Foi o que aconteceu com Michael Jackson, que teve o seu talento transformado naquilo que se chama de “Rei Pop”, objetivando simplesmente influenciar as grandes massas humanas para aquisição de lucros. Provavelmente, o jovem artista não possuísse a estrutura emocional e psicológica para conviver com um sistema que exige, explora e aliena.
A grande verdade é que a sociedade enaltece excessivamente valores superficiais que se fragilizam facilmente. A perversidade é imensa quando um ser humano é tratado como uma simples máquina. Esta é a razão de se transformar um artista verdadeiro em algo falsificado, descartável, dando o nome de “Rei Pop”.
Não há motivo nenhum para se julgar Michael Jackson, mas há muitos motivos para se lamentar a sociedade que artificializa tudo para obter lucro.

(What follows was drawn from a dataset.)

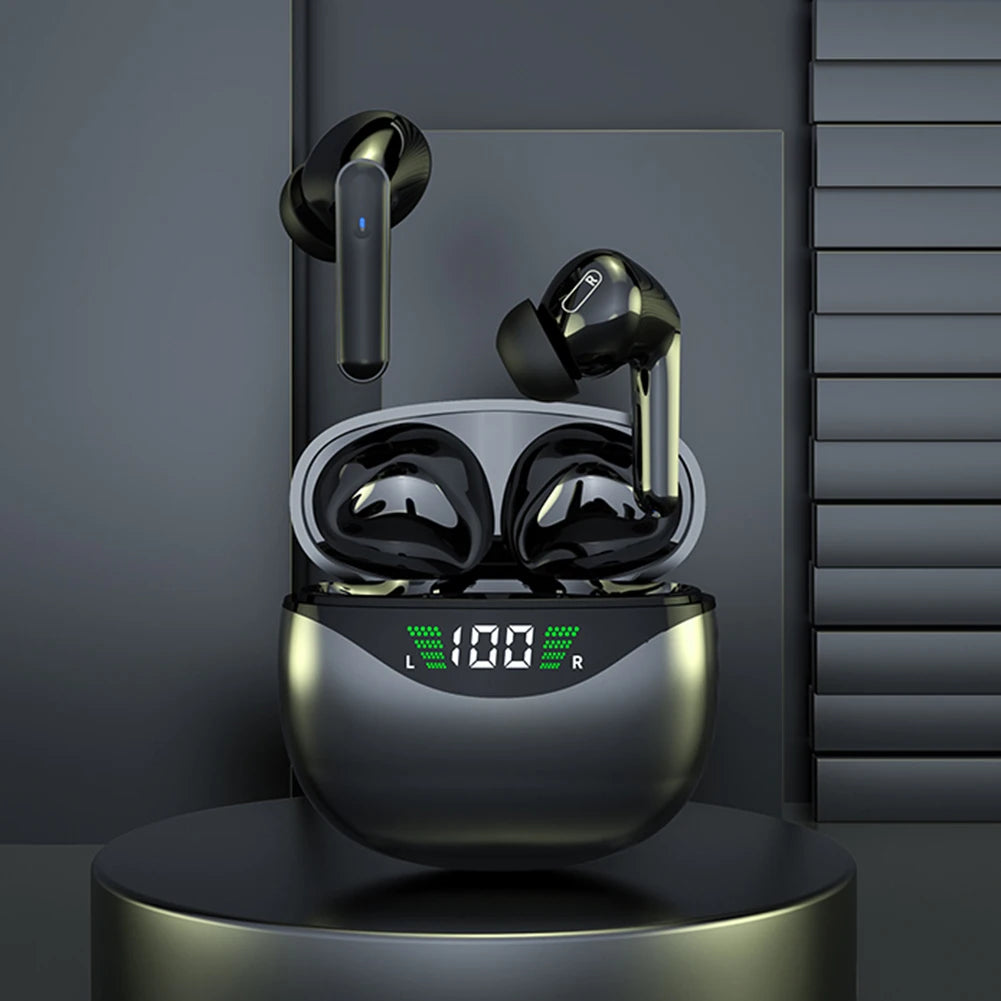 Wireless Headphones Touch Control Hands-free Earbuds IPX5 Waterproof Bluetooth-Compatible 5.1 Sport Gaming Headsets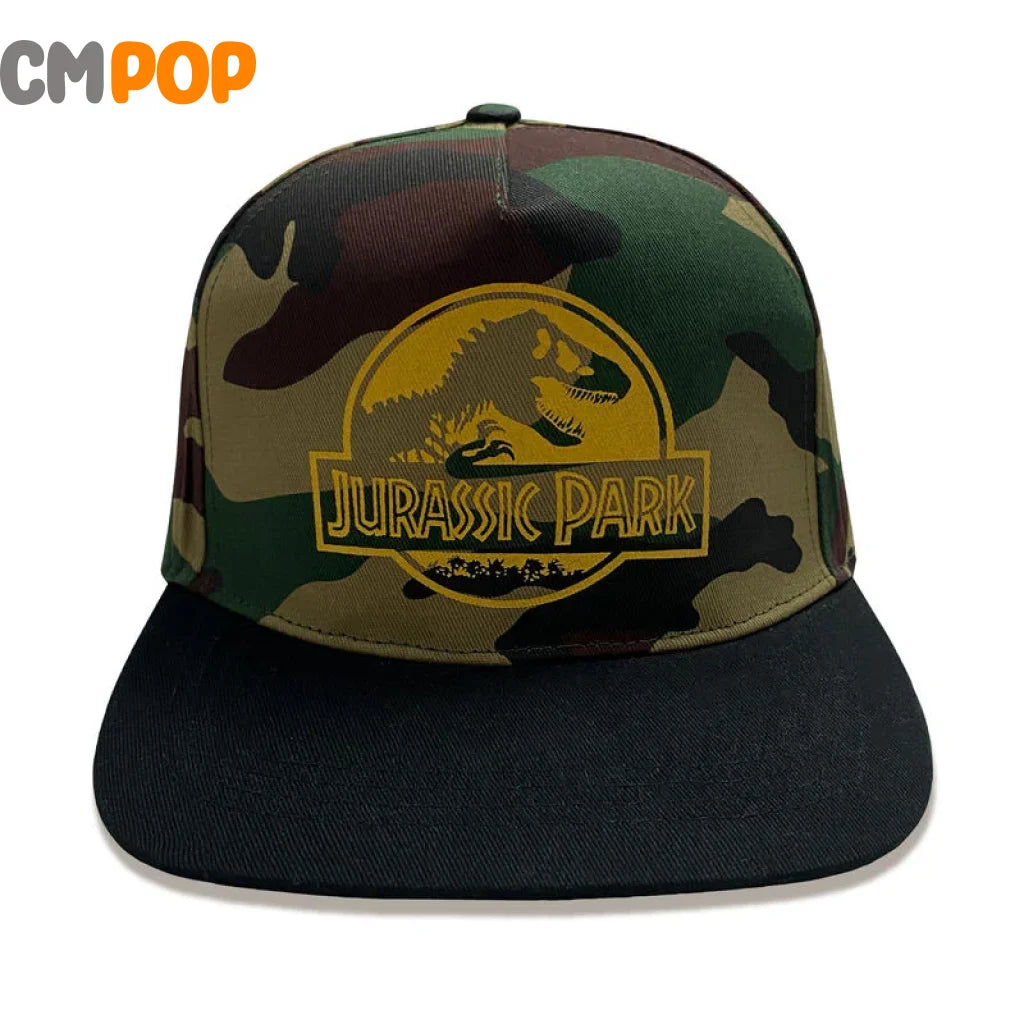 Jurassic Park - Gold Camo Logo (Snapback) - Size: One Size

É certo que Michael Jackson aceitou esse estado de coisas, mas provavelmente não estava preparado para as consequências de ser usado naquilo que ele possuía de melhor que era o talento artístico. Assim como muitos outros jovens, Michael Jackson foi vítima de um sistema explorador e de uma civilização doente.
Lamento a morte precoce do artista. Acredito que seja mais uma das vítimas da sociedade contemporânea que tem a idolatria como um dos pilares de sustentação. Que o mistério da eternidade abrace com carinho Michael Jackson que deu alegrias a tantos humanos.
A sua vida polêmica deve ser entendida dentro de uma análise psico-espiritual e sócio-econômica. Descanse em paz Michael Jackson, Rei Pop.